In the material below, pictures must be dropped. Repeat exactly, and only, the lines from the line with "Silent Transit Rectangles" to the line with "Neutral Baby Diaper", both ends included.

*Available data*.
────
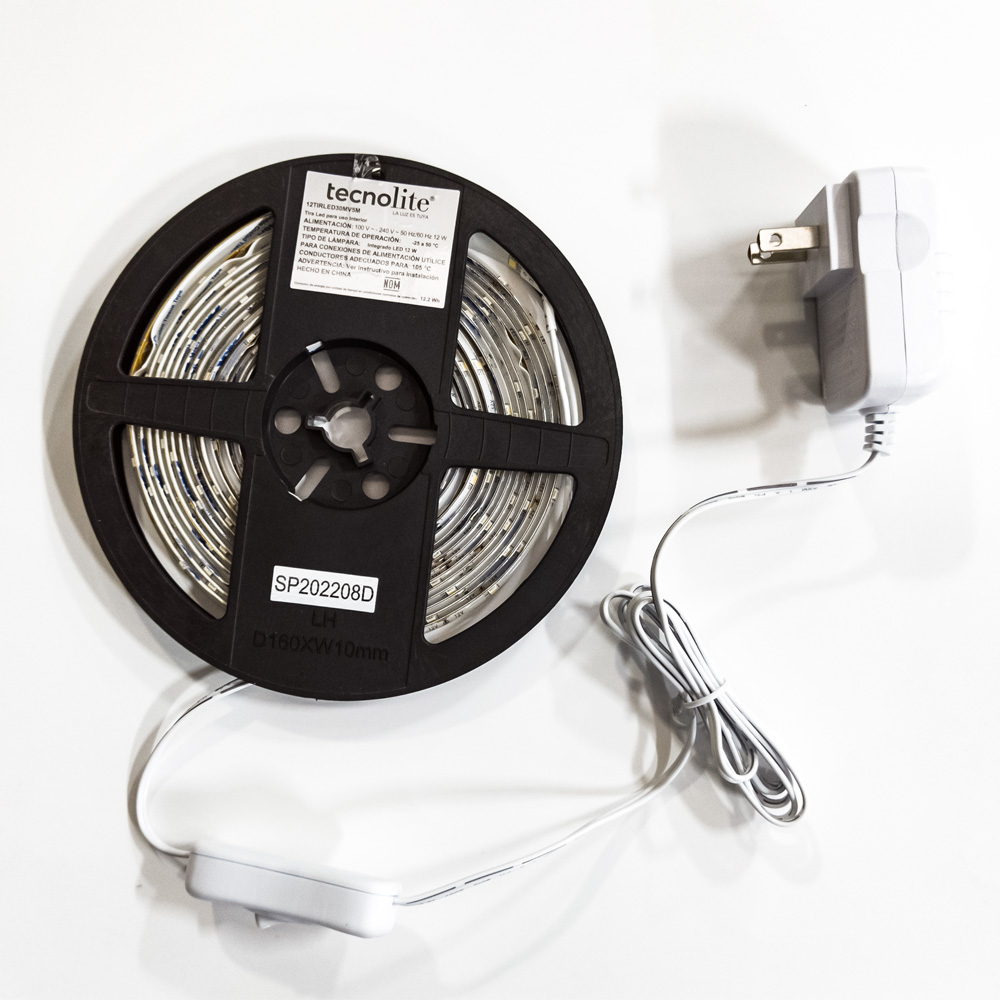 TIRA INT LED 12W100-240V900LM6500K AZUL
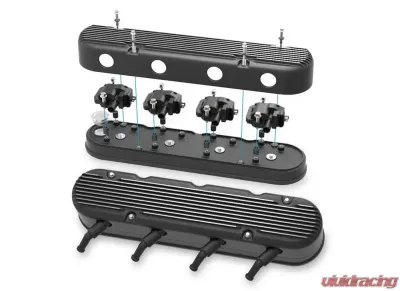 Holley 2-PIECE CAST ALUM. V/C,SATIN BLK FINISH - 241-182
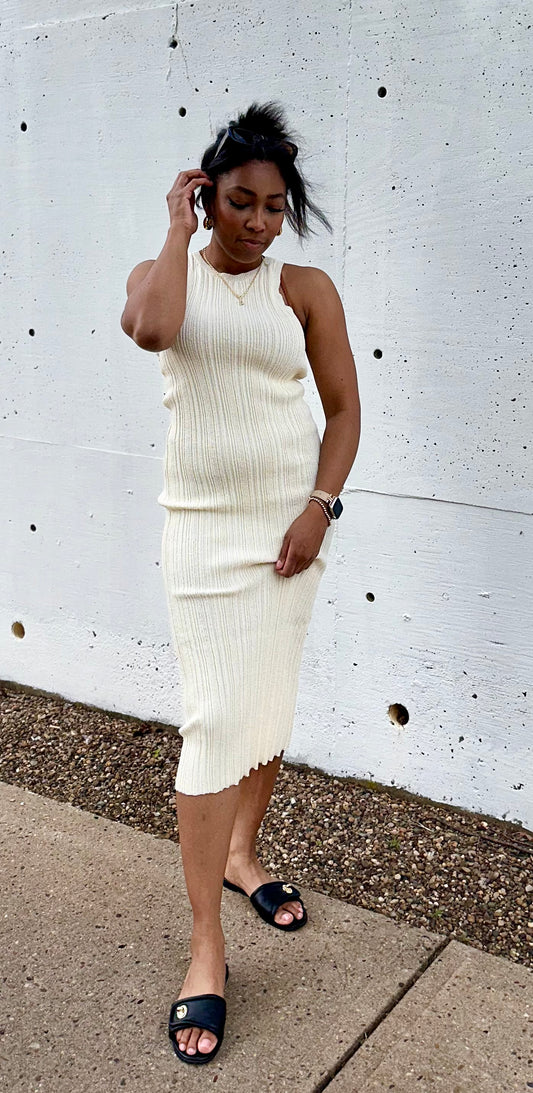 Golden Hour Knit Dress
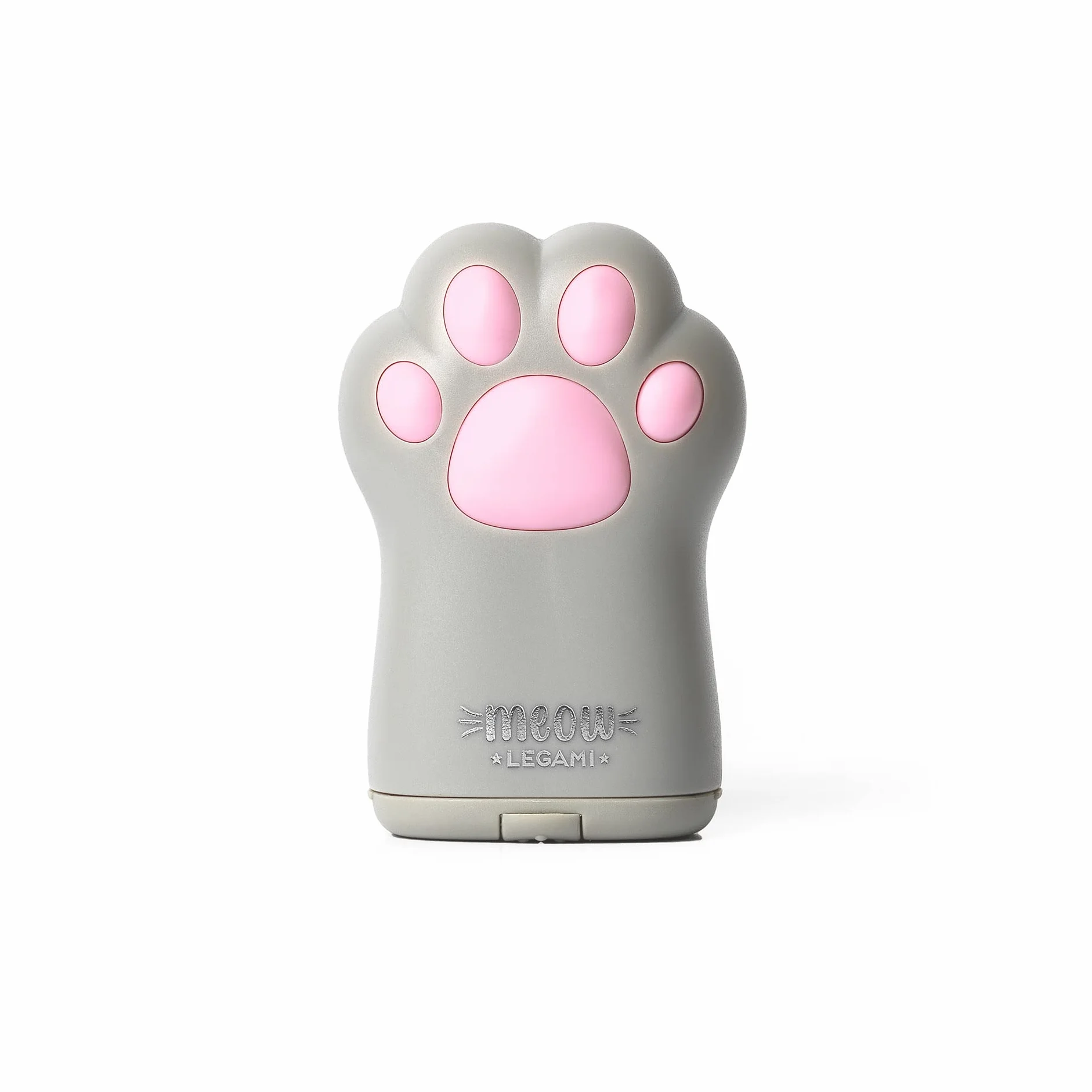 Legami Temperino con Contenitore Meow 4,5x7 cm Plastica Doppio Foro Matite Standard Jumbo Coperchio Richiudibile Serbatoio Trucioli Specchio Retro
────
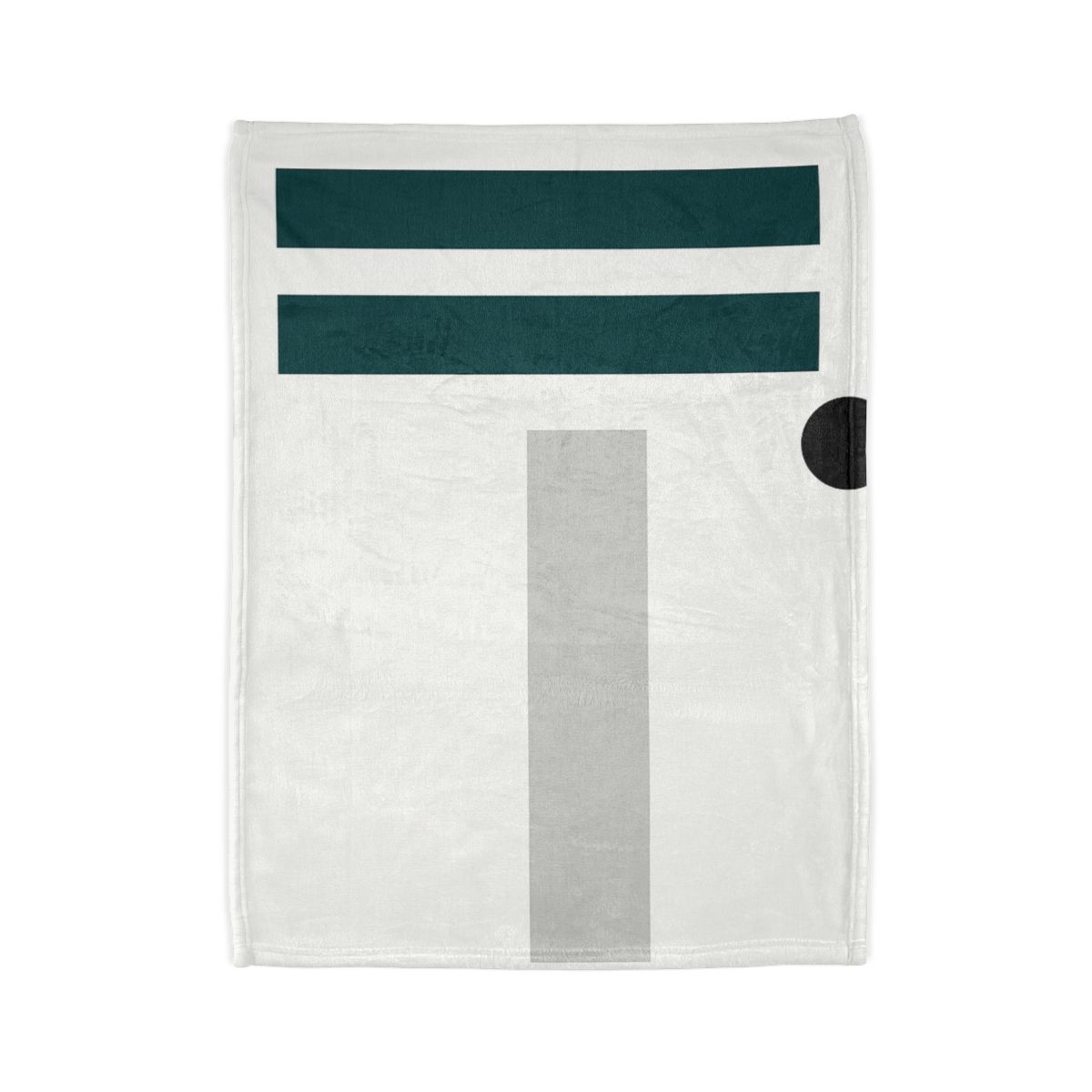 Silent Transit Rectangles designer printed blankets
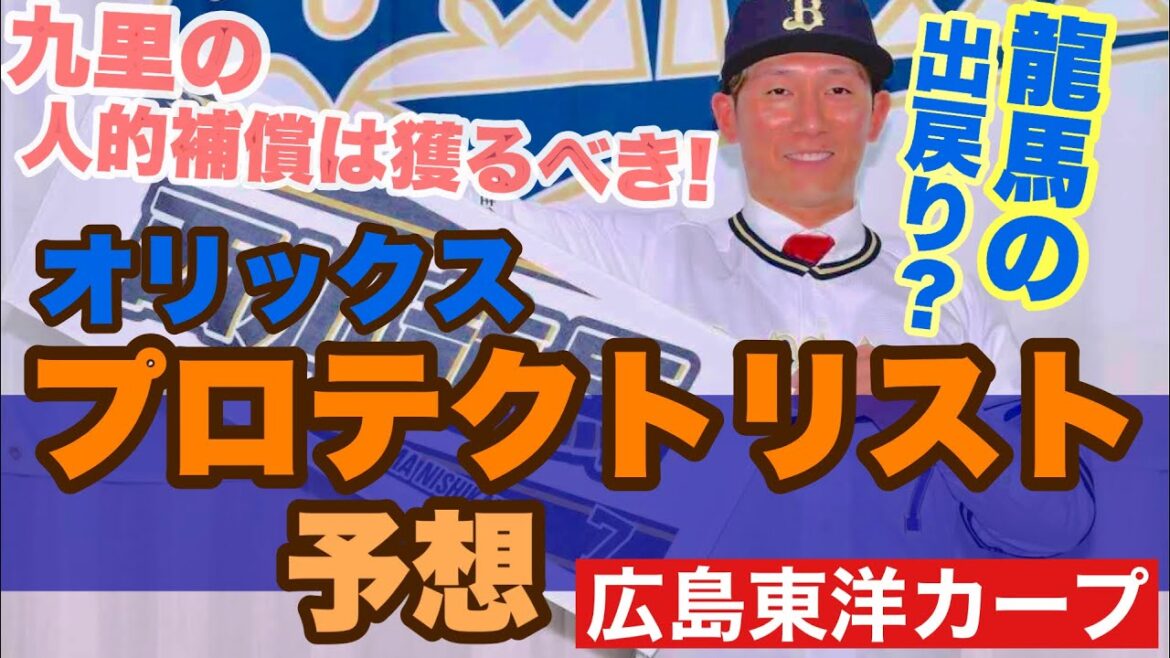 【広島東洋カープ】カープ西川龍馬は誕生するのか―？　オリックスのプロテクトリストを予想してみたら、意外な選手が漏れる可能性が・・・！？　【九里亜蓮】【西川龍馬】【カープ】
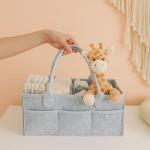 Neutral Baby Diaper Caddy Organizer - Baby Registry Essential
────
*Response to the exercise*.
 Silent Transit Rectangles designer printed blankets
 【広島東洋カープ】カープ西川龍馬は誕生するのか―？　オリックスのプロテクトリストを予想してみたら、意外な選手が漏れる可能性が・・・！？　【九里亜蓮】【西川龍馬】【カープ】
 Neutral Baby Diaper Caddy Organizer - Baby Registry Essential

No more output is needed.